Si les cultes s’organisent pour dialoguer et agir ensemble, le gouvernement agit également de son côté et élargit les prérogatives de la direction des affaires religieuses. Celle-ci est d’abord chargée de l’enregistrement et de la protection juridiques des différents groupes religieux, afin qu’ils puissent bénéficier des différents droits qui en découlent. Cependant, ces prérogatives comprennent aussi d’ambitieuses politiques publiques de construction de la paix. L’entretien de Jimena, directrice régionale de la Direction générale des affaires religieuses, montre les nombreuses actions du gouvernement en la matière. Le département met en place des campagnes de promotion et de sensibilisation à la diversité religieuse. Il organise également des conférences et des séminaires sur des thématiques diverses comme le leadership des femmes dans la construction de la paix, la santé mentale ou sur la mémoire. Il propose enfin des formations pour les fonctionnaires et les acteurs religieux. La direction contribue également à l’organisation d’événements majeurs de la construction de la cohésion sociale au Mexique, comme les excuses nationales du président aux peuples natifs pour les violences subies pendant la colonisation. L’existence de cette direction démontre la volonté du gouvernement de faire de la laïcité un outil de construction de la paix et pas seulement un outil juridique.

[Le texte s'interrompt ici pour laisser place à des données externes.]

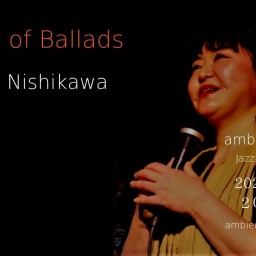 A Night of Ballads　西川珠香子#２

b) Divisions interreligieuses au sein des  gouvernements locaux 

En parallèle de la direction aux affaires religieuses, il existe des départements interreligieux au sein des gouvernements des différents États mexicains. Ces départements ont une prérogative locale essentielle : la médiation entre les communautés religieuses. Si la direction ministérielle se concentre sur des événements de promotion institutionnelle, les départements gèrent les défis quotidiens d’un mieux vivre ensemble. Le département de l’État de Oaxaca a reçu l’équipe InterFaith Tour pour un entretien où les trois fonctionnaires interrogé·es ont pu décrire leurs différentes actions. La laïcité mexicaine sépare certes strictement l’État et les cultes mais l’État peut aussi se placer comme médiateur lorsque la cohésion sociale est mise à mal. Les conflits, auxquels le département est confronté, peuvent naître de conversions de certaines personnes mal acceptées dans certaines communautés. Ces dernières mènent alors à des drames familiaux importants. Ils peuvent également découler d’incompréhensions liées aux différentes langues natives parlées dans l’État de Oaxaca. Une autre difficulté est l’équilibre fragile de la gestion autonome de certains villages (400 sur 570 municipalités à Oaxaca), dont l’organisation sociale et politique, où la religion imprègne chaque volet organisationnel, est très différente de l’État fédéral. Ce département fait face à de vrais défis de moyens notamment. S’il a réussi à résoudre des dizaines de litiges dans l’État de Oaxaca, selon leurs propres dires, peu de personnes connaissent l’existence du département. Ainsi seuls les conflits très graves sont pris en main. Peu de formations sont délivrées aux fonctionnaires du département et le manque de moyens financiers empêche la déclinaison d’événements semblables à ceux de la direction générale. 

Conclusion :

La laïcité française est vue partout dans le monde comme une exception en matière de relations entre l’État et les cultes. Pourtant, elle s’est inspirée de modèles comme le Mexique qui, des années auparavant, avaient fait le pas de reprendre le pouvoir au religieux pour le donner au peuple et le rendre démocratique. Le Mexique avait décidé de faire de la laïcité un outil de rapport de force contre la domination de l’Église catholique. Aujourd’hui, il en fait un outil juridique que le pays transforme d’année en année comme un outil de construction de la paix et de renforcement de la cohésion sociale.